今回は、そんなONESTARの、所長の永岡洋さん、一級建築士の永岡早苗さん、アドバイザーの馬場彩佳さんにお話を伺ってきました。
自分たちの目線で
Q:家を建てることやリノベーションすることだけでなく、引っ越しの荷造りサービスや荷物の一時預かりなども行なっておられますよね。これは、どこの建築事務所でも行なっていることなのでしょうか。
早苗さん>
今まで勤めていた会社では、ここまでのサービスを行なっていませんでした。しかし、この会社を立ち上げた時、私が”ママ”なので、自分目線でするということは、他のお母さんと同じ目線で住まいづくり考えられるのではと思いました。自分が「こういうものがあったらいい」をサービスとして行なっています。
そんな思いから生まれたサービスのひとつが、引っ越しの際の荷造りサービスや、リフォームなど家の工事をする際の、家具・荷物の一時預りサービスです。ご主人さんがお仕事で忙しく引っ越し準備を手伝うことが難しかったり、共働きで子育てが忙しかったり、そういうお母さんが、引っ越しに関わることすべて一人でやるのは大変です。そういったところを解消したいという思いから始めました。
また、子育て世代だけでなく、高齢者の世帯でも、重たい荷物を運ぶことができなかったり、たくさん荷物があるだけで、マイナスな気持ちになったりしまいます。それだけで、リノベーションやリフォームを諦めている方もたくさんいらっしゃいます。少しでも、私たちスタッフが手伝うことで、リフォームしたいという前向きな気持ちになってもらえれば嬉しいです。
Q:最近、テレビなどでもよくリノベーション住宅(中古住宅に新たな価値を生み出す方法)が取り上げられていますよね。ONESTARもリノベーションに力を入れておられるように感じたのですが、いかがでしょうか。
早苗さん>
今、空き家が、大きな問題になっています。新しい家を建てることもいいですが、空き家が増え、古い家ばかりが残ってしまいます。思いある家を新しくリノベーションして、住んでもらう方が私は好きです。
費用面でも新築より安いので、壊してすぐ新築というのではなく、一旦リノベーションできるかを考えます。相当古い家で、壊して新しく建てても同じくらいの費用であれば、新築を勧めているのですが、まだ直せる家であれば、家を拝見したときにリノベーションを提案しています。
宇治などは敷地が広いため新築を建てても、同じくらいの広さの建物を建てることができます。しかし特に伏見は家と家が詰まって建っているため、新しい建築基準法に沿って建てると、空間の広さがとれないという問題がでてきますので、リノベーションされる方が増えています。

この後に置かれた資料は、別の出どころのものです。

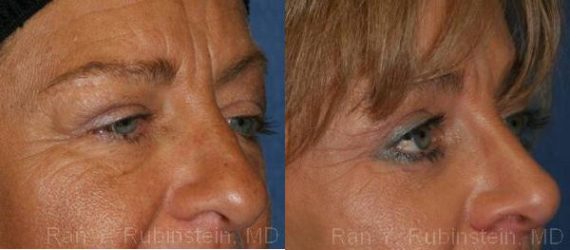 Brow Lift Before and After Photos in Montvale, NJ, Patient 12522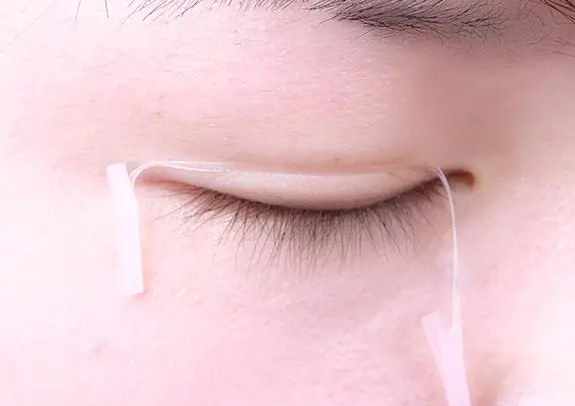 双眼皮手术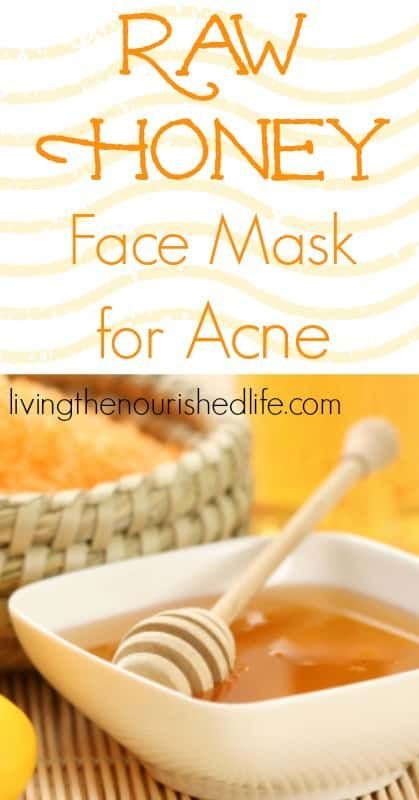 Try this Raw Honey Face Mask for Acne Raw Honey Face Mask, Homemade Face Mask For Acne, Face Mask For Acne, Mask For Acne, Honey Face Mask, Honey Mask, Homemade Face Mask, Facial Treatments, Honey Face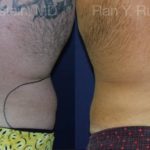 Smart Lipo Body Before and After Photos in Newburgh, NY, Patient 13210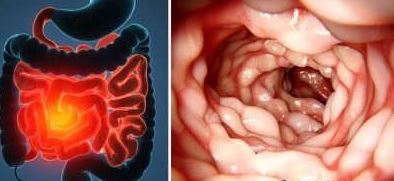 نحوه مقابله با بيماري کرون نحوه مقابله با بيماري کرون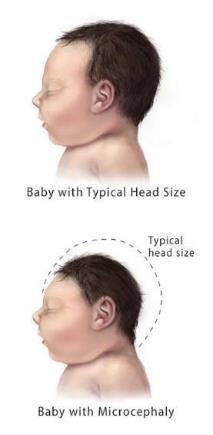 Zika virus infection during pregnancy Can cause microcephaly and other severe brain defects in babies The full range of potential health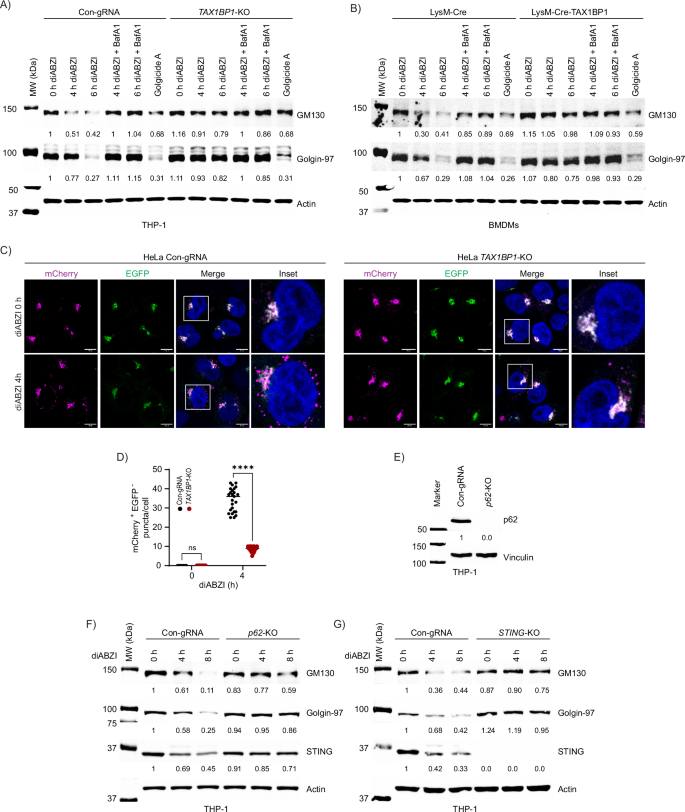 Fig. 8: TAX1BP1 promotes STING-induced Golgiphagy.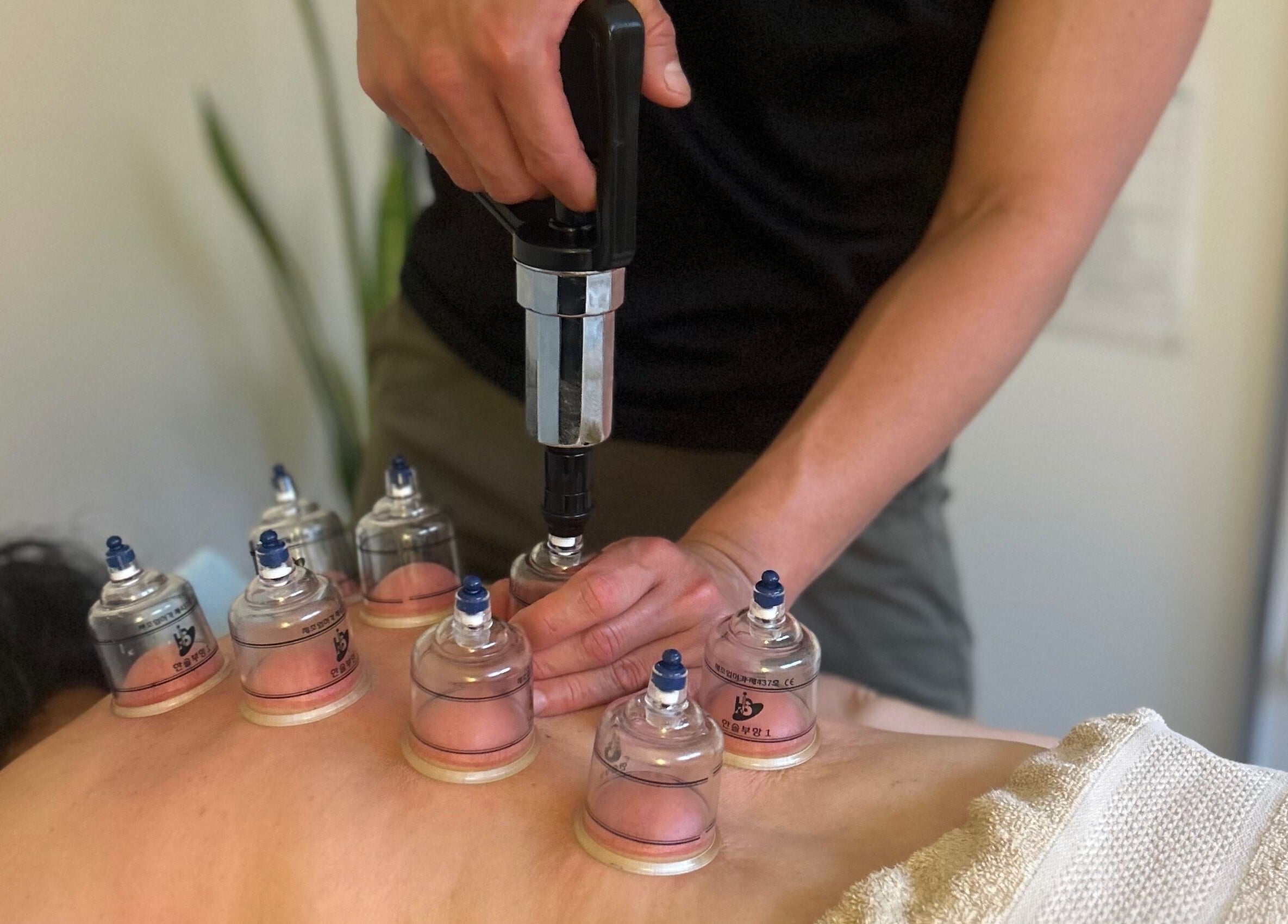 Relaxing cupping therapy at Move With Jase, Dianella, Western Australia, AU. Experience wellness and rejuvenation.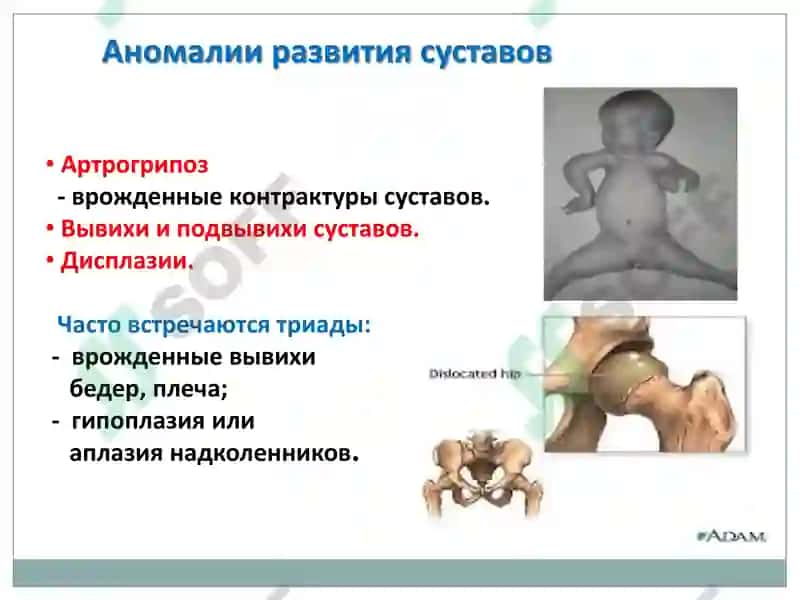 Артрология 8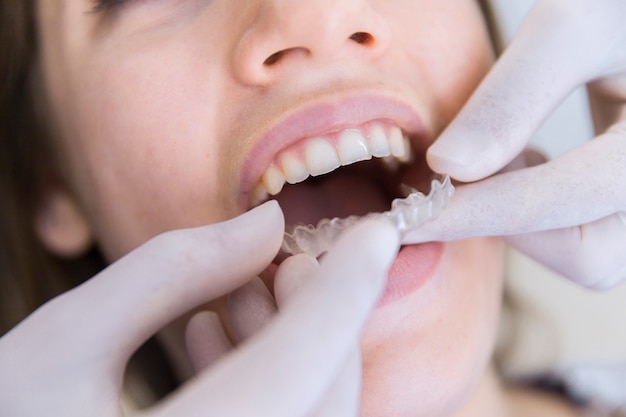 Close-up of a dentist's hand fixing transparent aligner to female patient's teeth Free Photo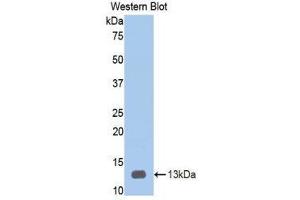 Western Blotting (WB) image for anti-Heparanase (HPSE) (AA 34-115) antibody (ABIN1859190) (HPSE 抗体  (AA 34-115))
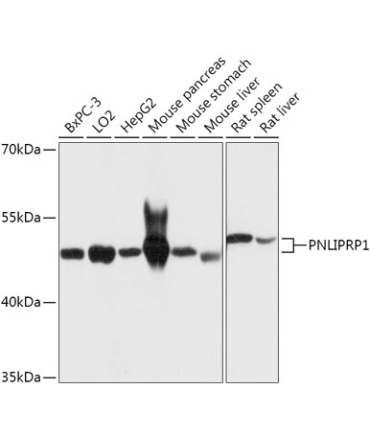 PNLIPRP1 Rabbit Polyclonal Antibody
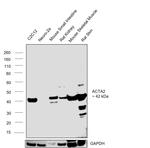 Alpha-Smooth Muscle Actin Antibody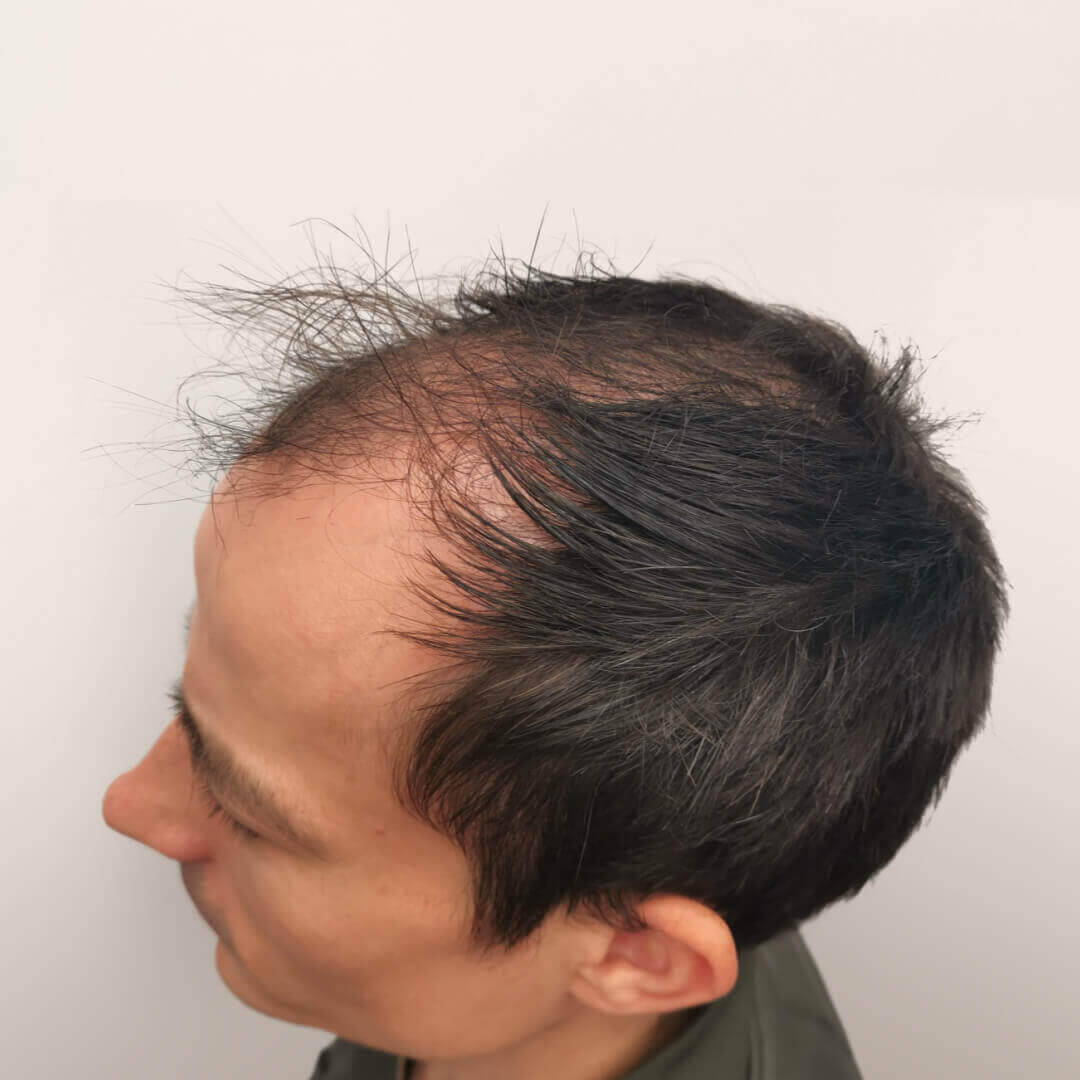 Hair Transplant before-after: Gergő - HIMG Hair Transplant Clinic Hair Transplant before-after: Gergő - HIMG Hair Transplant Clinic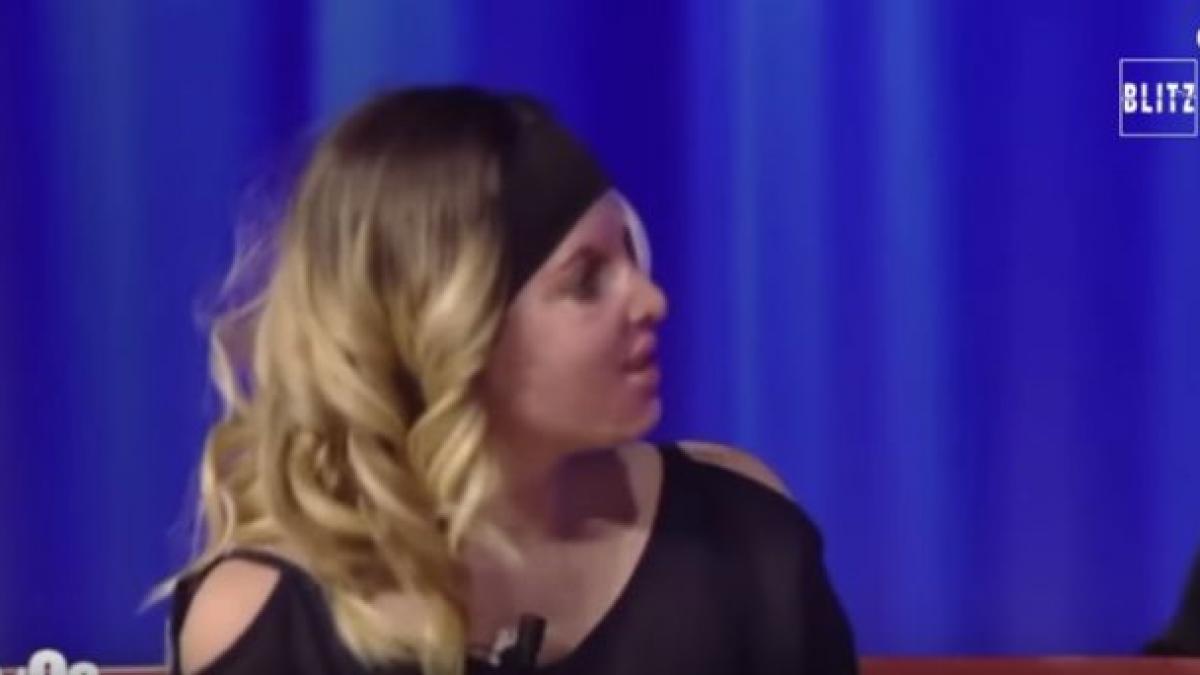 mutilata pe viata fosta miss italia isi arata chipul desfigurat dupa ce a fost stropita pe fata cu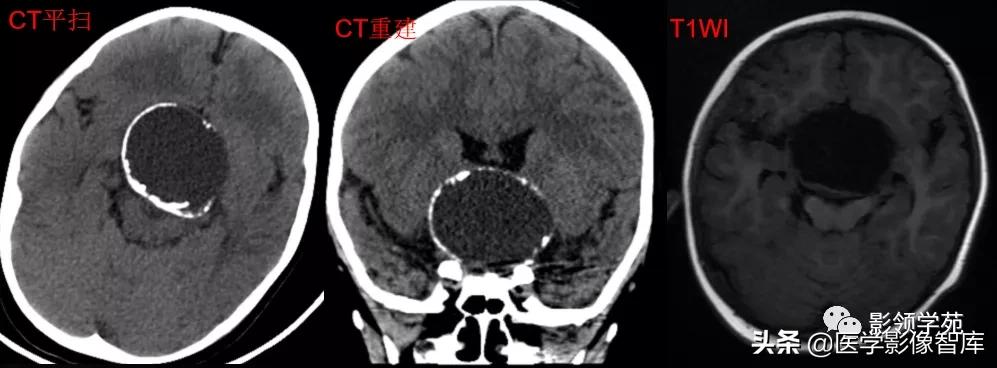 鞍区肿瘤做什么检查得出来,鞍区肿瘤的影像学鉴别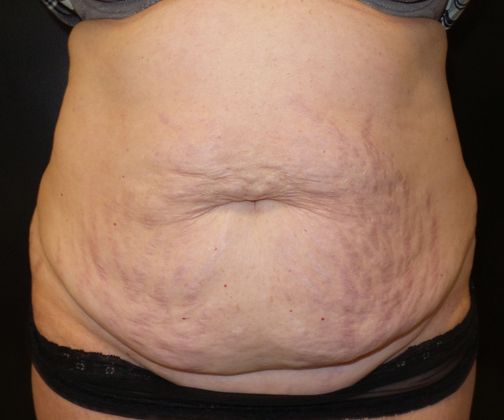 Tummy Tuck Case 27 - Before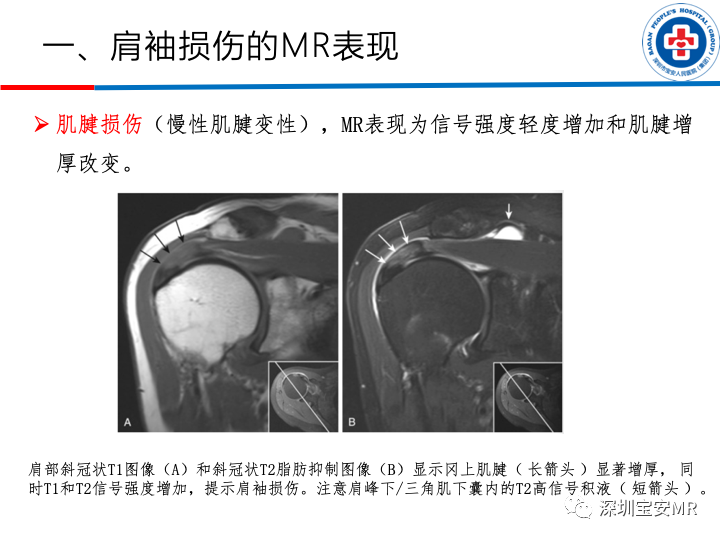 影像PPT - 【PPT】肩关节磁共振检查-7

(ONESTARの事務所内観。入った瞬間、木のいい香りがします。)
同じだからわかる気持ち
Q:ONESTARのHPやチラシで”ママ”、”女性”という言葉が使われています。永岡さんご自身も”ママ”であり、スタッフも積極的に”ママ”を募集されています。やはり、そこにこだわりがあるのでしょうか。
早苗さん>
個人的に、「お母さんの力はすごい」と思っています。アイディアもそうですし、住まいをつくるときの中心はお母さんです。他のお母さんから様々なアドバイスを聞くことで、考えが広がります。
暮らしの中で、「こうすると使いやすいのに…」、「こうなっているのが、いや」と思うところを、お母さんたちが話している光景は、ただの愚痴のようですが、「やっぱりみんなそう思っている」、「そこが直さないといけないところ」と話している中で確信できます。自分だけでなく、みんなもそう思っているということを感じることができていいですね。
馬場さん>
私たちスタッフも、図面を見させてもらったとき、「これなら、洗濯も掃除も、炊事もやりやすい」と思います。「でも、ここをもう少しこうしたほうが動きやすいのでは」と話をしていたりするときは、とても楽しいです。どのお母さんたちにとっても、苦じゃない家にしたいというのが、我々の思いです。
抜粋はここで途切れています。